Situation/Case Study:

We were having our team meeting and the gifted and talented specialist was in attendance. We were talking about math. Two us had to leave at the agreed meeting end because we were going to visit another colleague who was on bed rest for her pregnancy. We needed to go, but two other members wanted to stay. When we left we felt the meeting was done. Two team members stayed with the specialist and made an agreement to commonly group our math students once a week. The two of us felt we needed to meet as an entire team to make this decision. We felt we had been left out. Our team meeting on this topic has not reconvened. The gifted and talented teacher seems to be forcing the teaming for math. Three of us are strongly against this approach and we want to be self contained. I only have one gifted student. Our team has worked well in the past. There is no resolution to this problem after several weeks. One person doesn't even want to talk about the issue. One of the team members is a long-term sub.
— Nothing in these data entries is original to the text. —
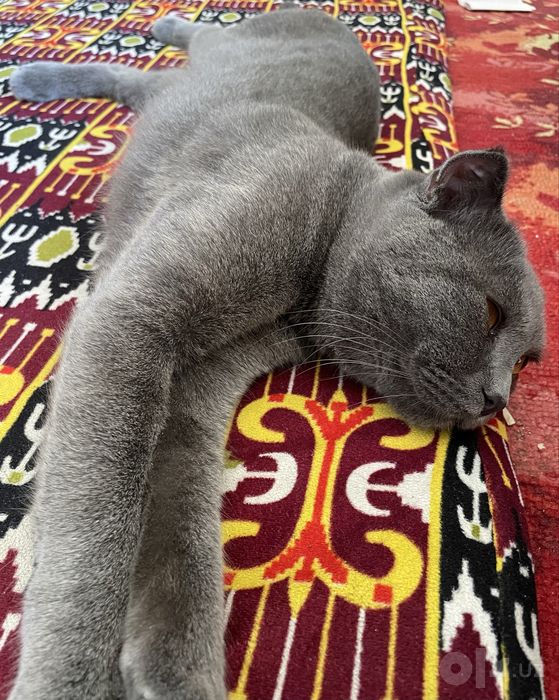 Aqilli oynoqi qarashga vaqtim bomayapti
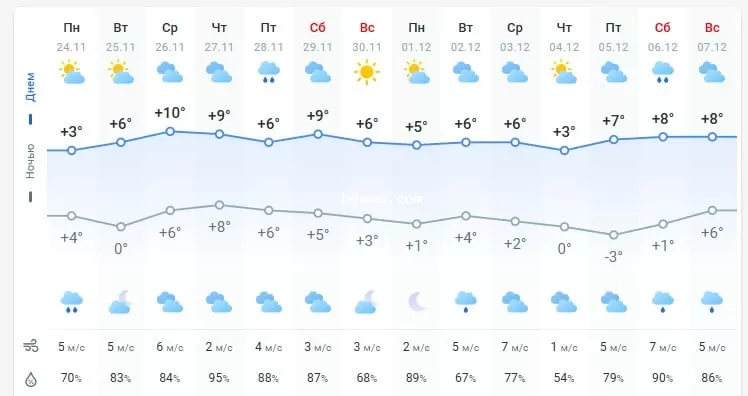 погода 25 ноября 
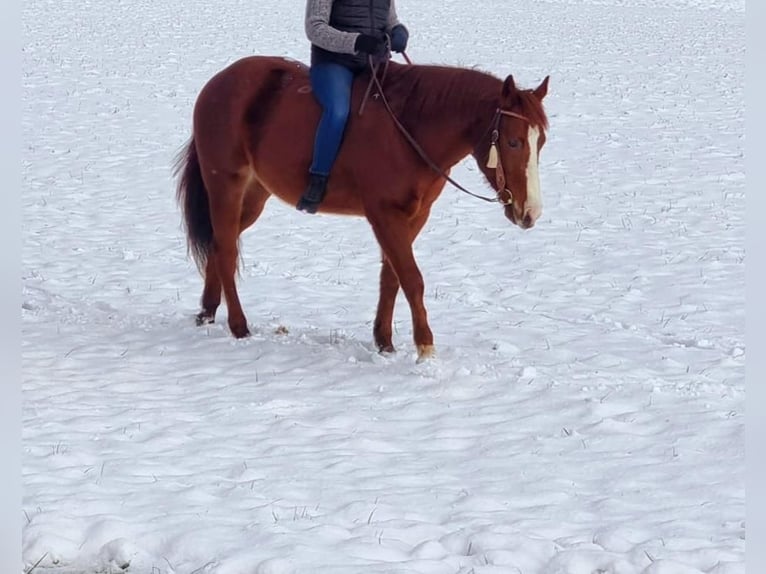 American Quarter Horse Mix Gelding 5 years 14,2 hh Chestnut-Red in Esslingen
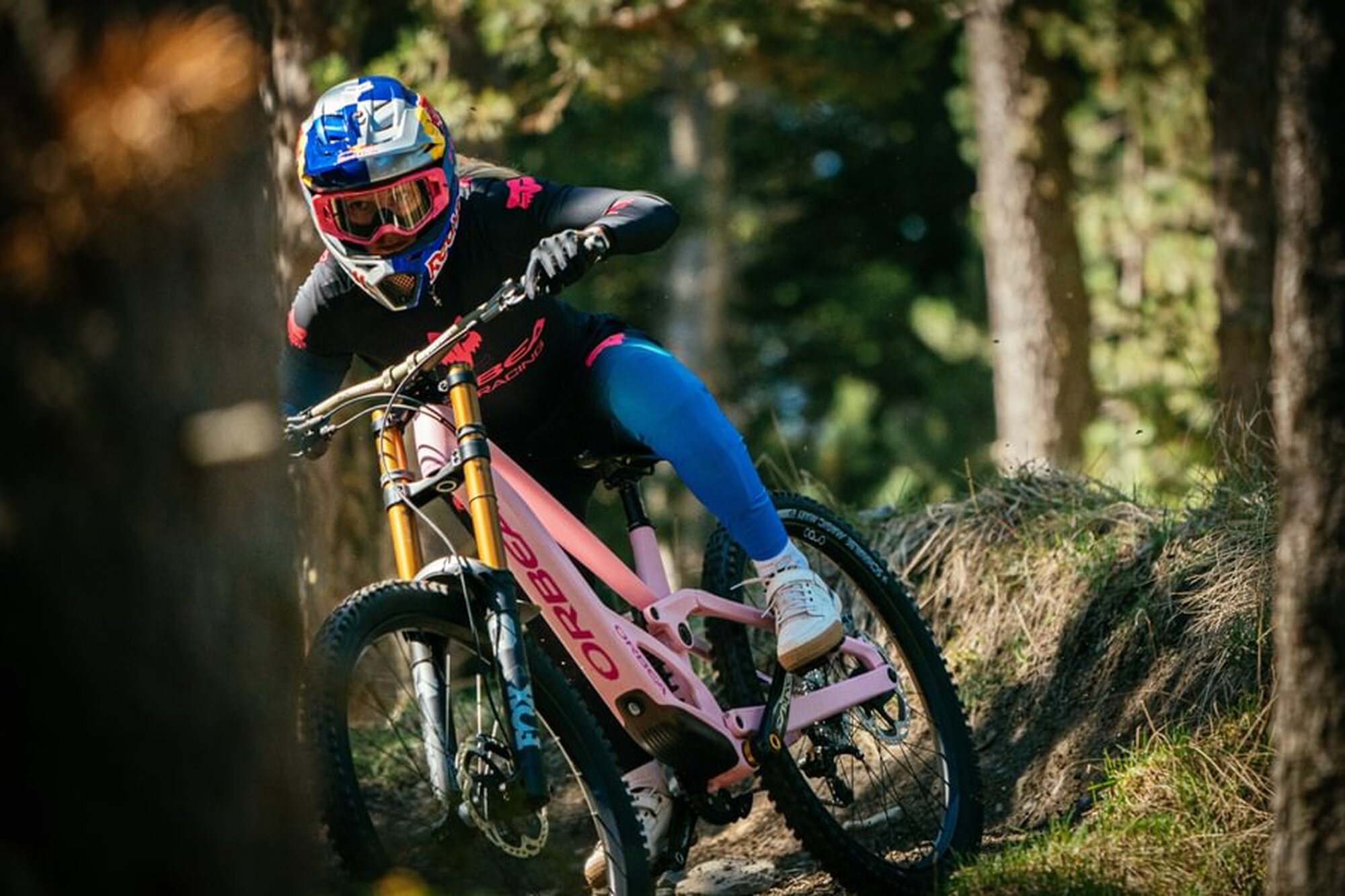 New Orbea Rallon DH New Orbea Rallon DH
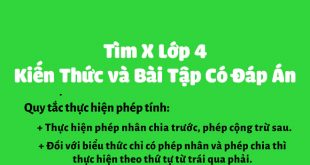 Tìm X Lớp 4 -3 Mục Kiến Thức Cần Nhớ và 5 Dạng Toán Quan Trọng Nhất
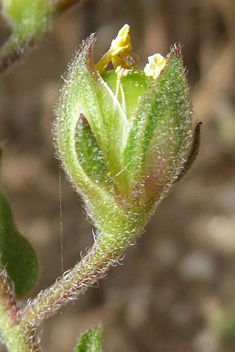 Willow-leaved Rock-rose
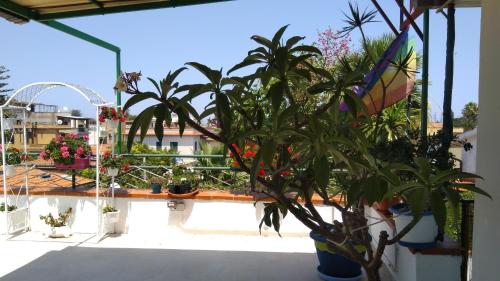 La Casa di Chico - main image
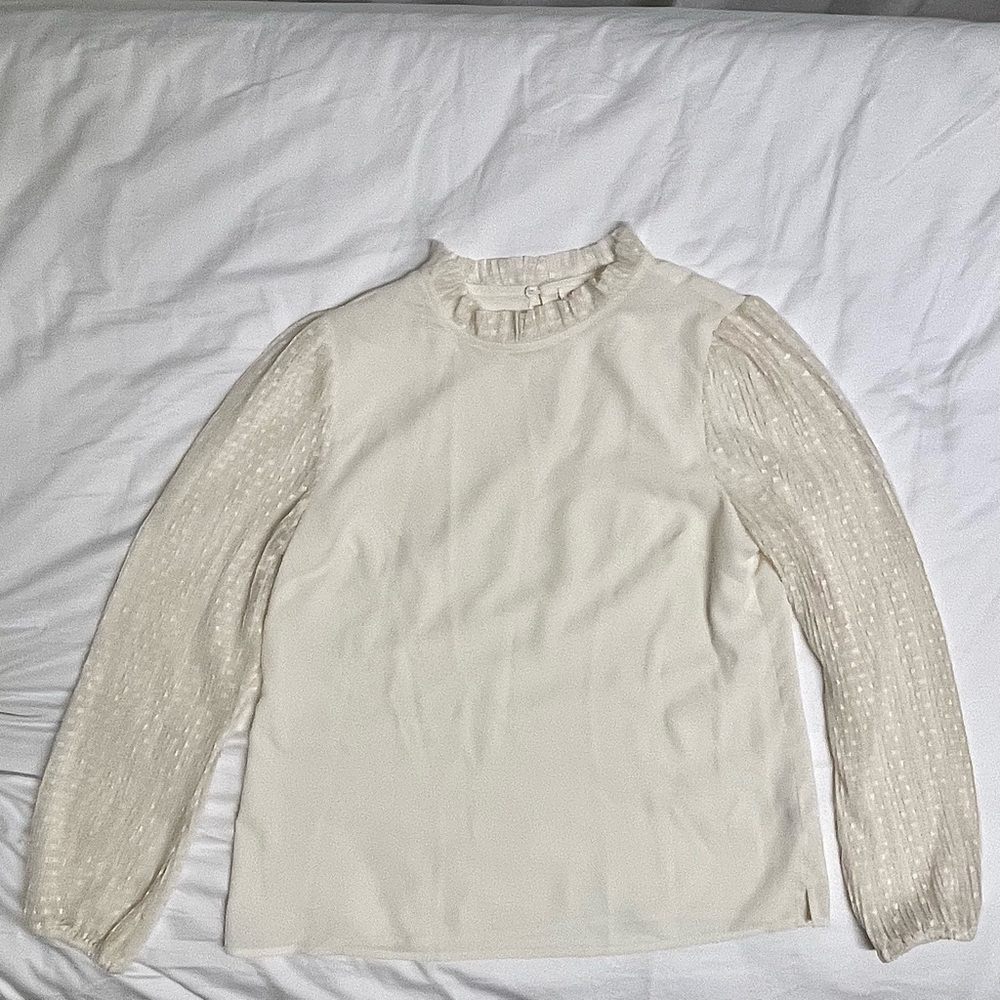Long Sheer Sleeve Top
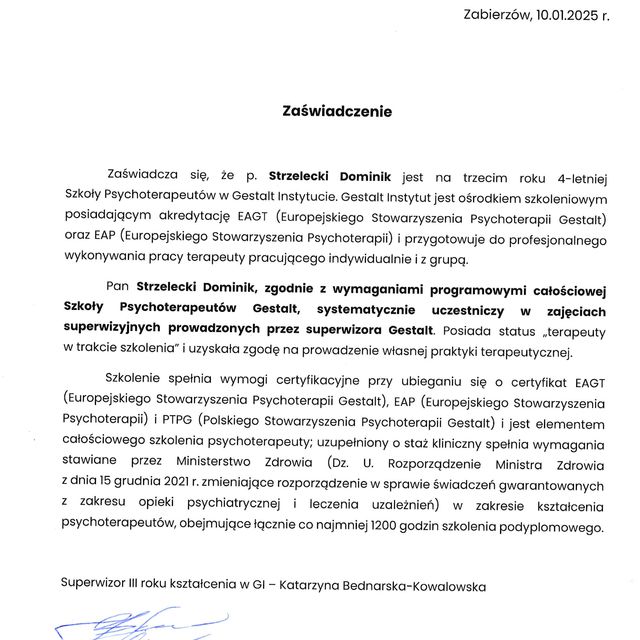 Powiększ obraz: certificate 1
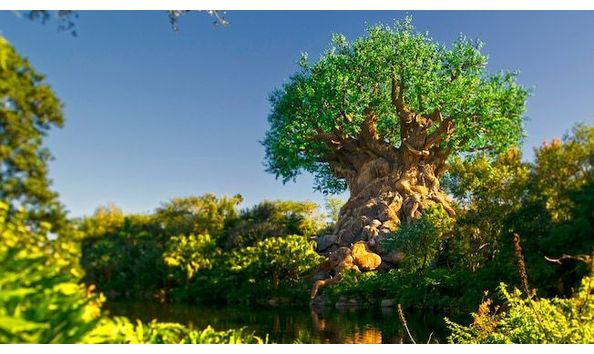 Big image mini magick20181114 108104 1vb9jhd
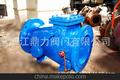  无组缓闭止回阀HH44X-16 DN100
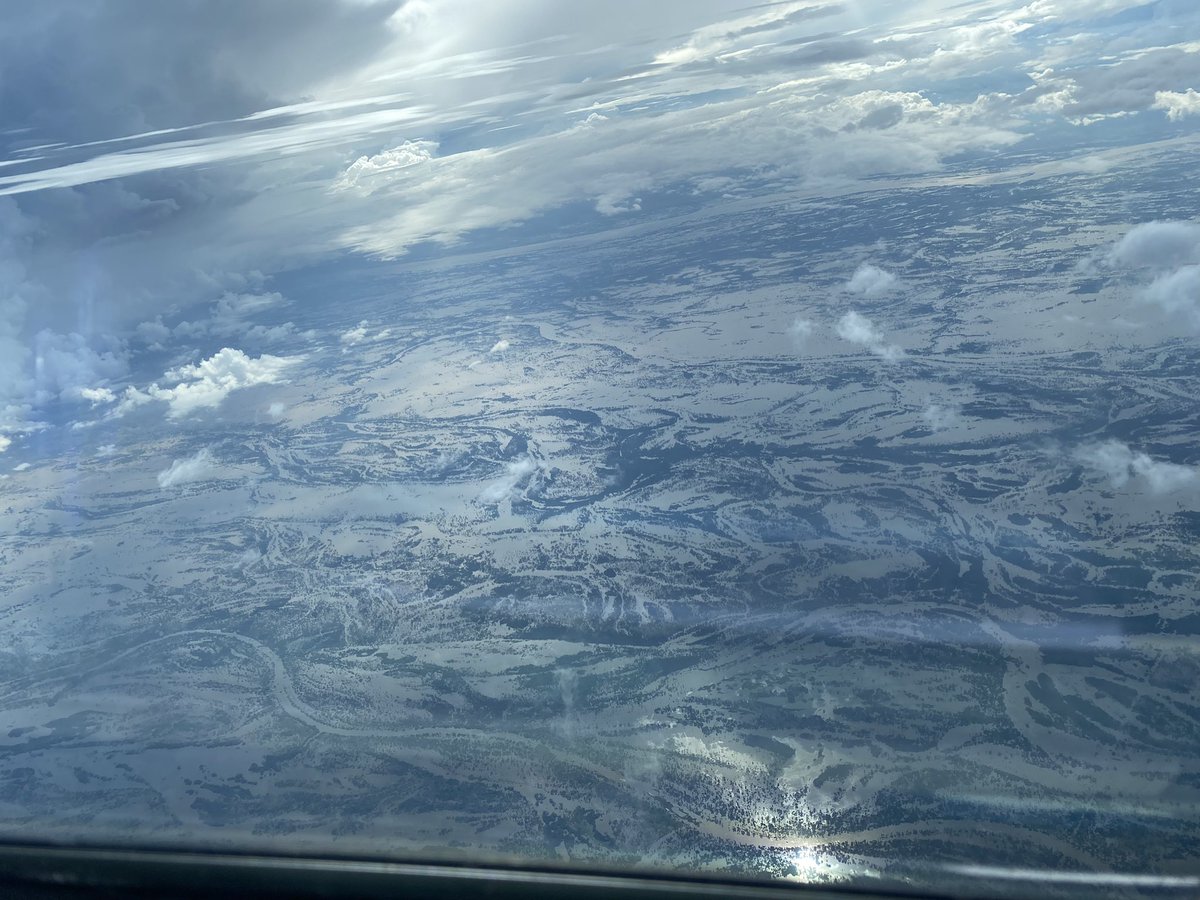 Falnyi J. tweet media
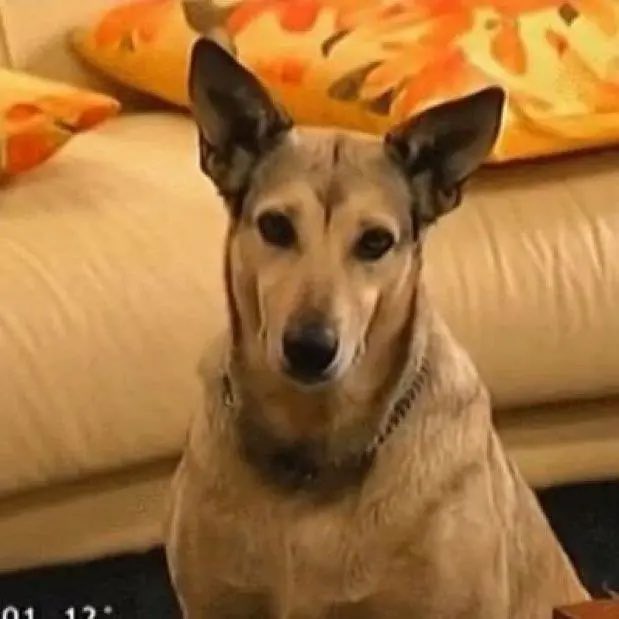 Real Time tweet media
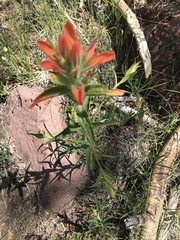 Castilleja nelsonii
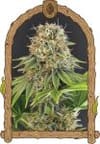 Wedding Monkey strain by Exotic Seed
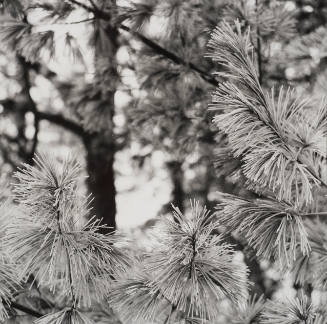 White Pines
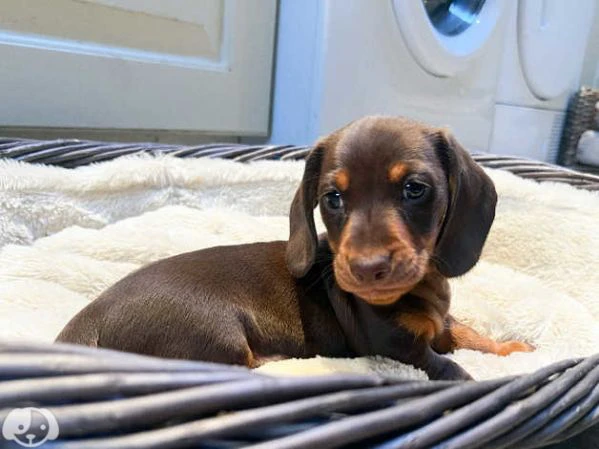 bellissimi cuccioli di bassotto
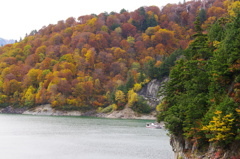 立山黒部アルペンルートの紅葉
I see feelings of frustration, irritation, anger, and blame. A teacher in this situation may feel frustrated, powerless, angry, and not willing to compromise because other team members are not open to differing suggestions/viewpoints. A teacher might feel betrayed by your team members because they made a decision that affects the entire team without waiting for your input. It seems like they did this intentionally because they may have guessed you wouldn't agree and also because they aren't willing to compromise and be open to your view. A teacher in such a position might feel betrayed and frustrated because colleagues were not collaborating or respecting each other's views. Now they are hesitant to trust the other team members in regards to future planning. A teacher in such an event might feel frustrated, obligated, betrayed because the other members of the team didn't respect her/his wishes and desire to continue the discussion later. No resolution was achieved and there needs to be to form a cohesive teaching team. A teacher in such an event might feel angry and betrayed because the other team members went behind your back and they're not willing to resolve the situation. I think the situation has gone beyond the issue of clustering/grouping kids. It’s become personal or a power issue. A teacher in this event might feel discounted, frustrated, conflicted because of not resuming the meeting as agreed upon. It is like not being heard, or not validated for your own opinion. The two teachers who had to leave and asked that the meeting be postponed and then found out it wasn’t must be feeling very angry, frustrated, non-valued, and not respected. A teacher in this situation might feel betrayed and angry that a decision was made by 2/5 members that affects the whole team. A teacher in this situation would feel betrayed by a team that in the past had been supportive and cohesive. And would feel uncomfortable in confronting colleagues on what is going to happen next.

Theories behind practice:
Teaming. Professional Communication. Gifted/Talented Grouping. Self Contained Classrooms. Conflict Resolution. Professional Trust. Collaboration. Teaching Styles.

Impact on others:

The group talked about when you let someone else teach, are they up to your standards? Is our knowledge serving us well? Have we been well prepared to work in teams? One of the teachers has been at it for 30 years, a couple for just three years. You have to appreciate everybody's style of teaching and realize there is more than one right way to do things. Who is working to advocate for what is best for the kids, not just what the teacher likes best? The group agreed the solution to this case was in finding a way to get the team back together and talk this issue out. The individual agreed she would make the attempt to do this.